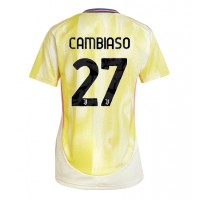 Juventus Andrea Cambiaso #27 Replica Away Shirt Ladies 2024-25 Short Sleeve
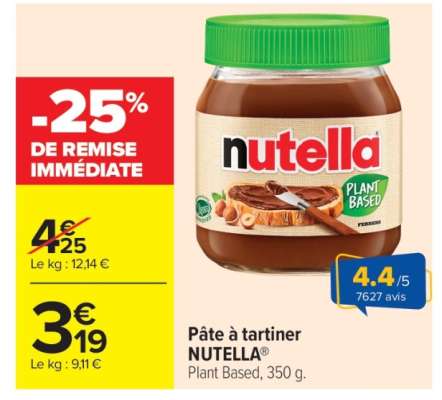 Pâte à tartiner NUTELLA®
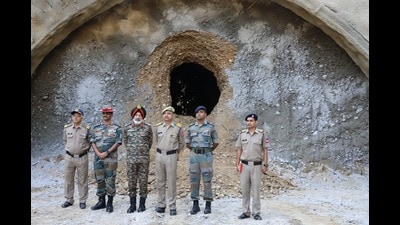 Brigadier Tejpal Singh, chief engineer project Sampark, was present to witness this momentous occasion. (HT Photo)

## THE PROBLEM
The finished answer is an exact repetition of the listing, with every picture removed.

## COMPLETED EXERCISE
 Juventus Andrea Cambiaso #27 Replica Away Shirt Ladies 2024-25 Short Sleeve
 Pâte à tartiner NUTELLA®
 Brigadier Tejpal Singh, chief engineer project Sampark, was present to witness this momentous occasion. (HT Photo)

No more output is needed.